私の大切な人の後ろ姿がまた、ものすごい速さで遠のいていく。
光が降り注ぐ夜の森の中。
私はまだ、冷たい地面にへたり込んだままでいる。
きっと、これが正解なんだ。
そうです、今狙われているのは私なんだから、私が安全なところに隠れているのが当たり前。洋斗君がこれを望んでいるんだから。私のことをあんなにも想ってくれているんだから、その思いを無駄にする訳にはいかない。
それが最適解であるという根拠はアホな私の頭でもたくさん浮かんでくる。
───なのに。
なぜ私は後ろに向かって走り出せないんだろう。
この胸の中に渦巻いてるモヤモヤした気持ちは、一体何?
どちらにも動けずにいると、
『ユリア・セントヘレナさん』
どこからか声が響いた。
「わひゃぁッ!!??」
当然、ユリアは驚く。
『聞こえますか?聞こえていたら…………と、その揺らぎ方だと伝わっているようですね。本当に貴方の感情は単純───失礼、純粋で分かり易い』
「は、はへ…………!?」
頭が振動するように直接声が聞こえてくる。もちろんキョロキョロとあたりを見回しても誰もいない。
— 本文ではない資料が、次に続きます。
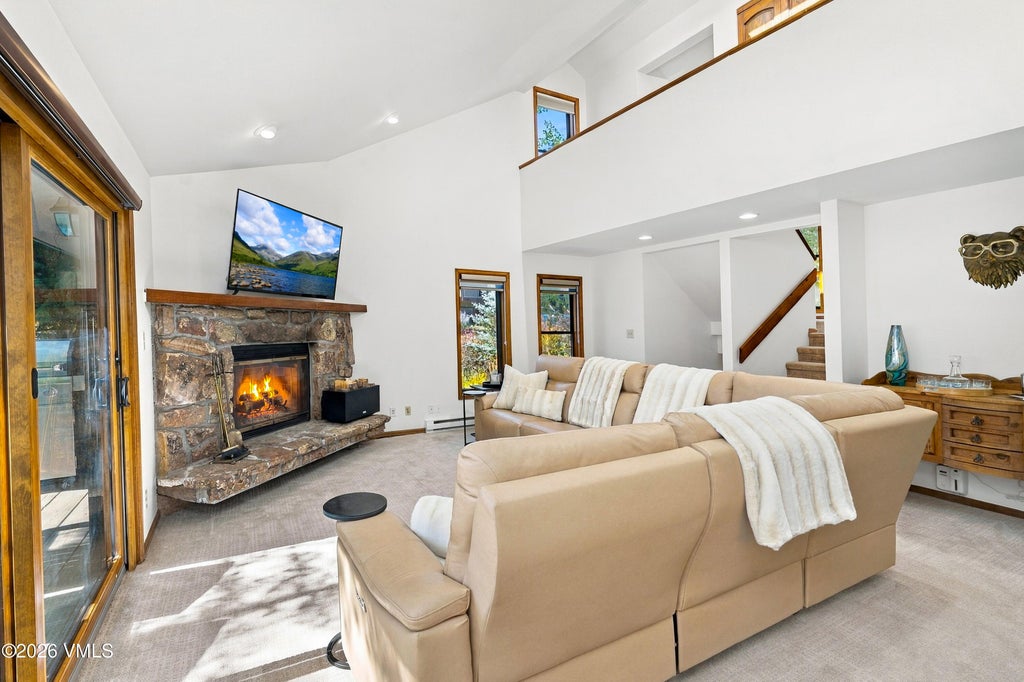 Photo of 180 Nottingham Road # C, Avon, CO 81620 (MLS # 1015256)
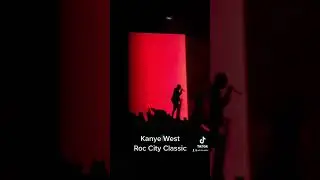 Concert People...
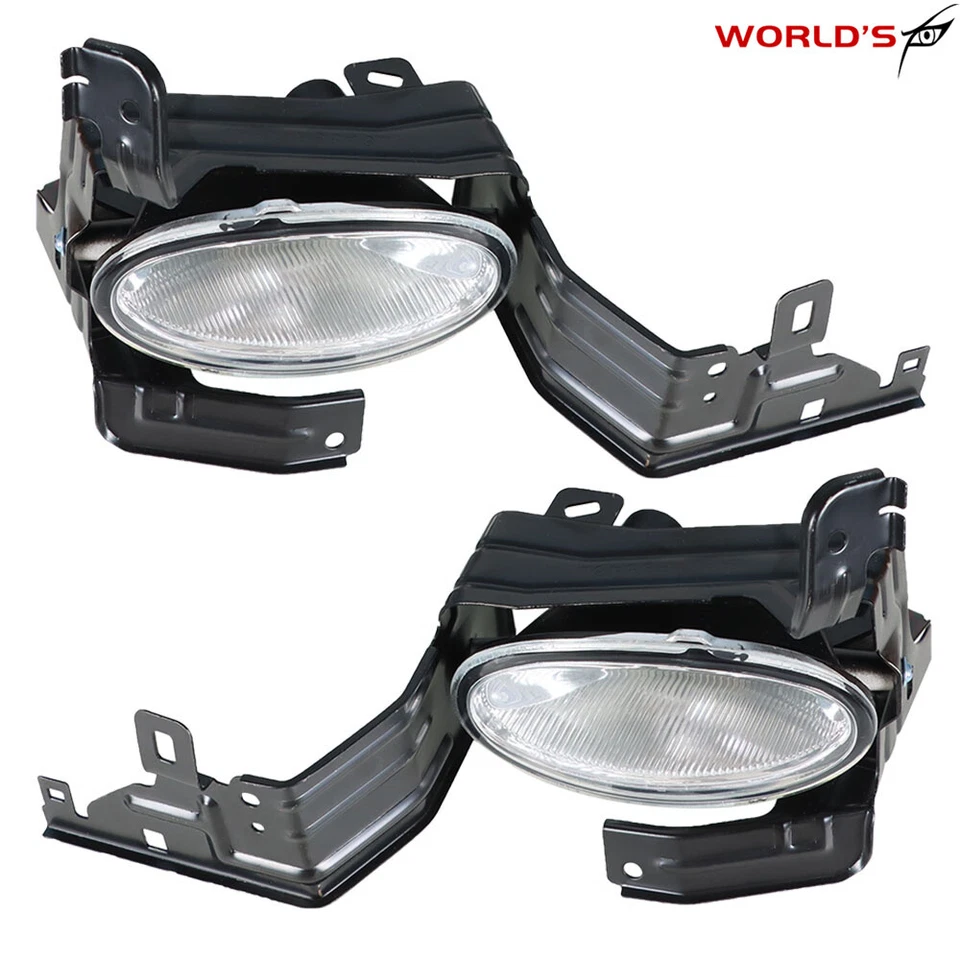 Luces antiniebla de parachoques para Honda Accord sedán 2011-2012 lámpara + cableado + interruptor derecha + izquierda Foto 4 de 4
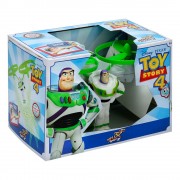 Juguete Toy Story Buzz Helix Flyer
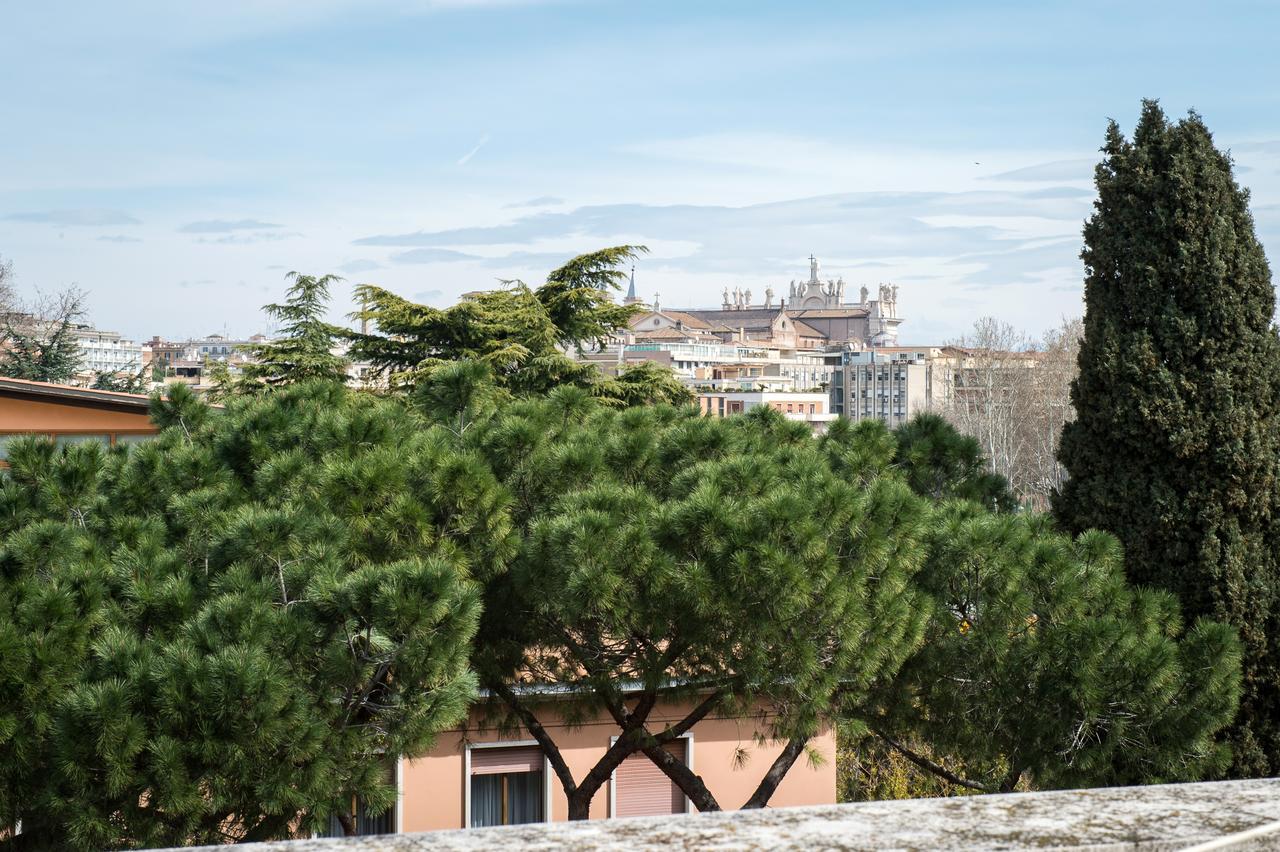 Appartamento Colosseo Apt. *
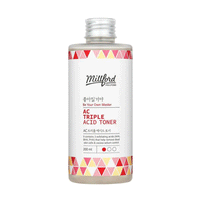 Millford AC Triple Acid Toner 200ml - DODOSKIN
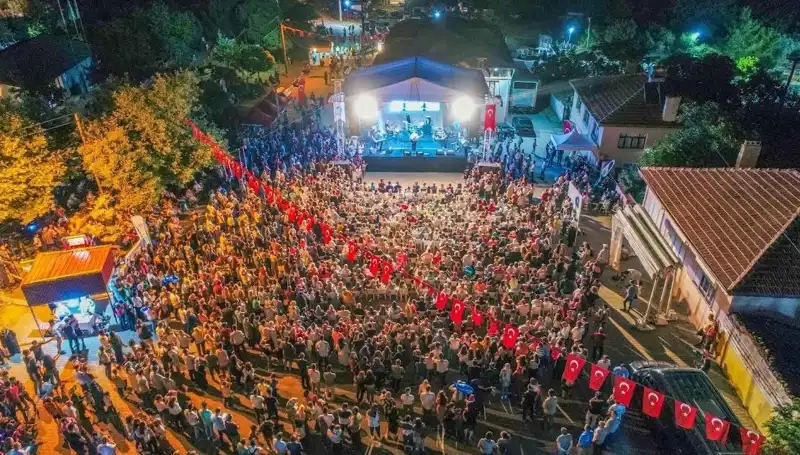 Leylek Şenliği 2023: Geleneksel Kutlamalar 20-22 Ekim'de Başlıyor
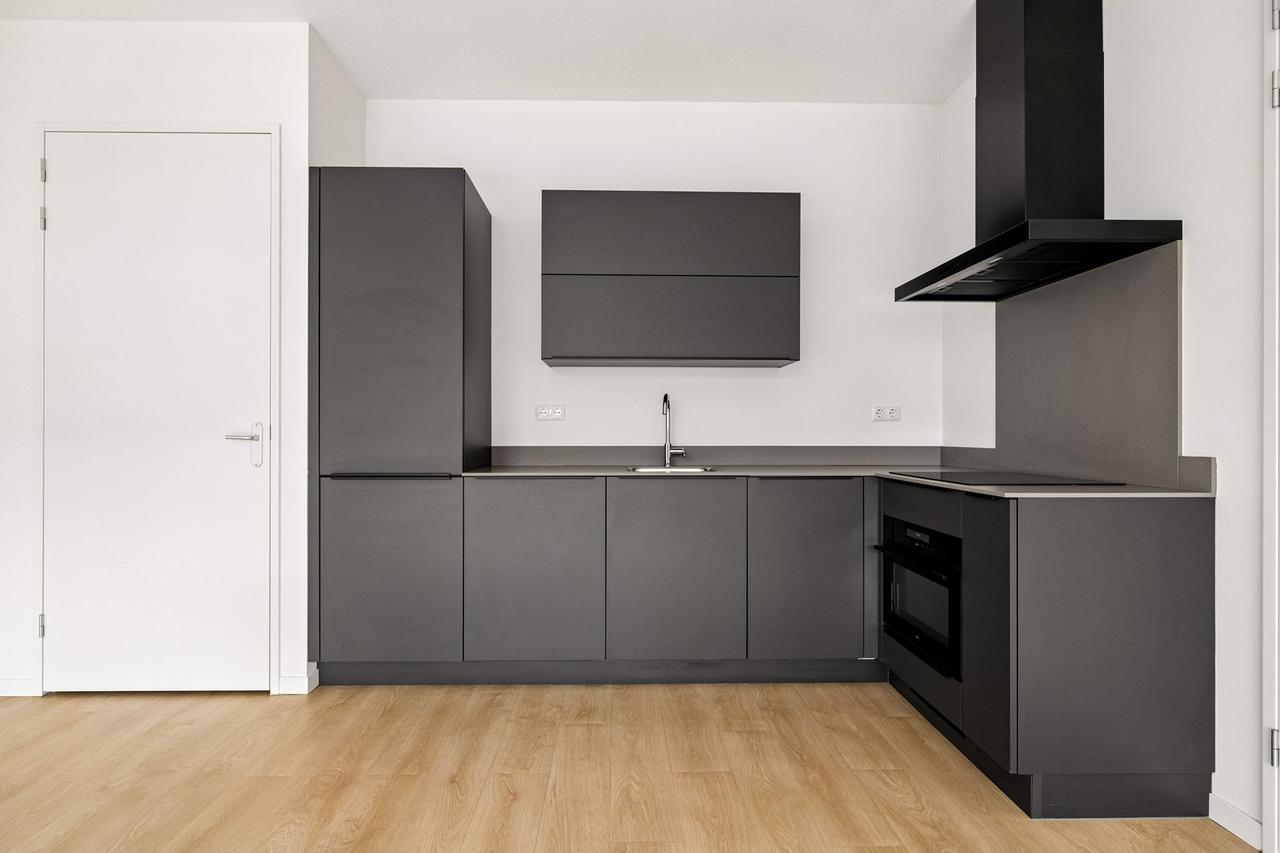 Nieuw 3-kamerappartement in Amsterdam-West - Afbeelding 8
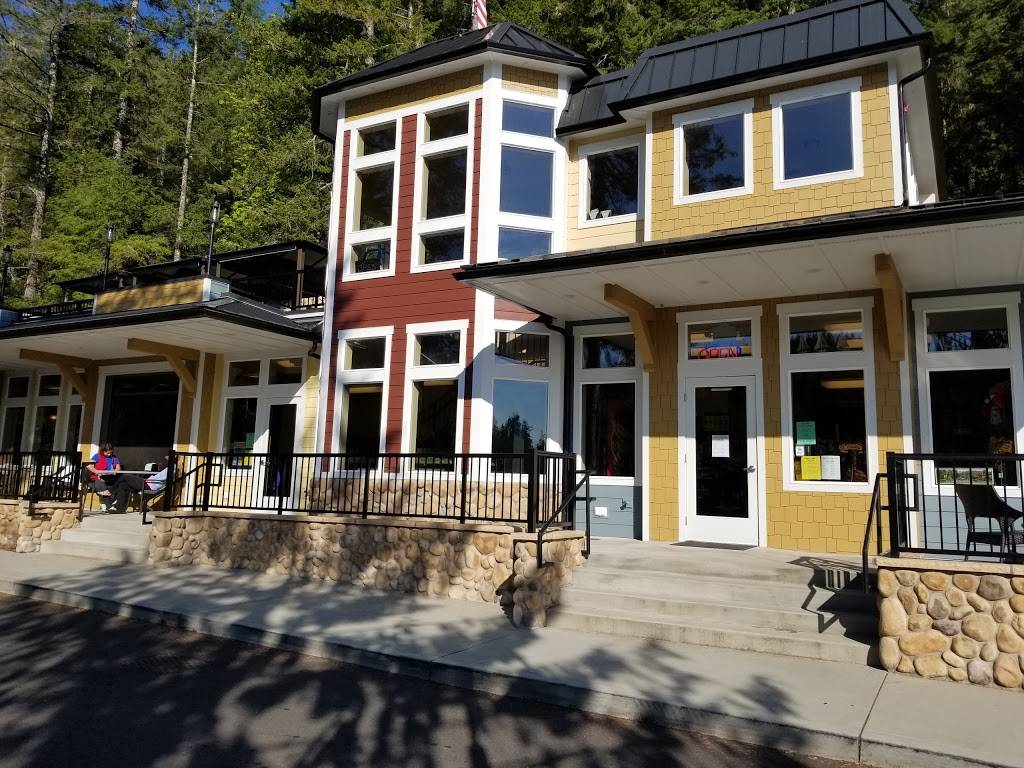 The Galley & Pub | cafe | 308913 US-101, Brinnon, WA 98320, USA | 3607964611 OR +1 360-796-4611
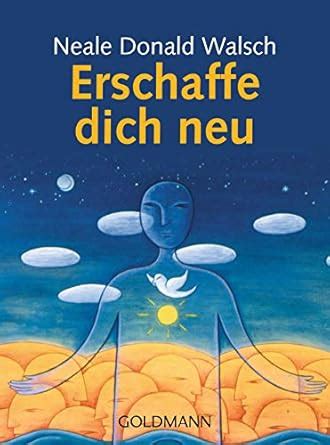 Erschaffe dich neu German Edition Kindle Editon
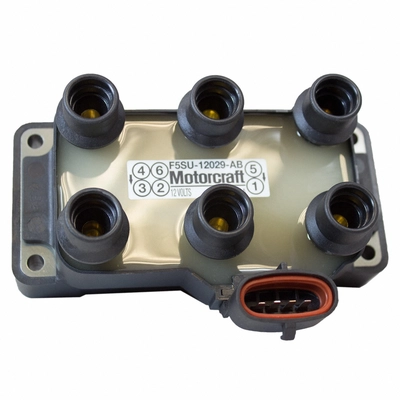 Bobine d'allumage de MOTORCRAFT - DG535 pa5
『残念ですが驚いている暇はありませんので簡潔に。私の名前はラファエル、『神の薬』の名を冠し熾天使の一角として主の側に仕える者。そして───11年前、森を彷徨う貴女に神通力を与えた天使です』
「え……………………あの『てんしさん』!?」
生きる力を失いかけていた私に息を吹き込んでくれた『てんしさん』、そんな命の恩人との11年ぶりの再会にユリアは驚きを隠せない。
『フフフ、てんしさんとは随分と可愛らしいですね』
無邪気な子どもに向ける優しさを含んだ笑み。だが、その笑声はすぐに憂いに身を隠した。
『まず、貴女に謝らせてください。私の浅はかな行動のせいで、貴女に計り知れないほどの苦難を背負わせてしまいました。私はもっと優れた道を探すべきだった。私達の力が一つの世界にどれだけの歪みを生むか、それをもっと見つめ直すべきだったのです。その上その不手際を、あろう事か受け取っただけである貴方に全て押し付けてしまいました』
「……………………」
『…………謝罪の文程度でこの罪と釣り合わないことは承知しています。貴女だけではありません、貴女が愛するたくさんの人々を巻き込んでしまったのですから。たとえ赤熱した鉄の上に膝を付いて頭を下げても、この罪が消えることなどないでしょう』
「……………………ラファエルさんは、こうなる事を知っていたんですか?」
『我が主に誓ってそれだけはありません!こんな事態になると解っていたのなら、私は…………!』
脳に響く声には確かな真剣さと誠実さが聞いて取れた。
「…………それなら、仕方ないですね」
『……………………え?』
「だって、解らなかったならどうすることもできないじゃないですか。それよりも今のことを考えましょう」
『……………………』
言葉ではそう言っている。しかしその言い回しに「今更そんなこと聴きたくない」という副音声が含まれている───そうラファエルは感じ取った。
『今私がそちらに向かっているところですが、それだけでは間に合いそうにありません。それだけの時間をあの妖気の持ち主が稼ぐことができる可能性もとても低いです』
「そ、そん『ですが!!…………ですが、そこに貴女の力が加われば、その可能性は大きく上がります』
「…………私の、力?」
『はい。言ったはずです、貴女に神通力を与えたと。先ほどの暴走の時点で貴女の精神は耐えられませんでしたが、貴女の肉体はその力で崩壊することなく神通力を行使していました。つまり貴女の身体は神通力を使うだけの素養を持つ、ということです。更に、精神を暴走させて体外にあふれていた余分な神通力は彼の力によって砕かれましたが、貴女の中にはまだ神通力が残っています。それも、余計な部分を削り落とされて『貴女に収まる形』となった神通力が───です』
「私の中に、あの力が…………」
『これまでは私が歪な形で押し込んでしまったせいで、神通力も使えないどころか貴女自身の力の流れすら阻害していました。あの頃は神通力の譲渡などやったことが無かったので、そのような弊害が起こるなど知らなかったのです。ですが今の貴女なら───力の流れを阻害されたままで十分に戦えて、その内に自分に適合した形の神通力を秘めた今の貴女なら…………これまで以上の力を発揮できるはずです』
ユリアは自分の手を見た。
トリガーを何千回、何万回と引いてできてしまった人差し指や手のひらのマメが目立つ、私の手。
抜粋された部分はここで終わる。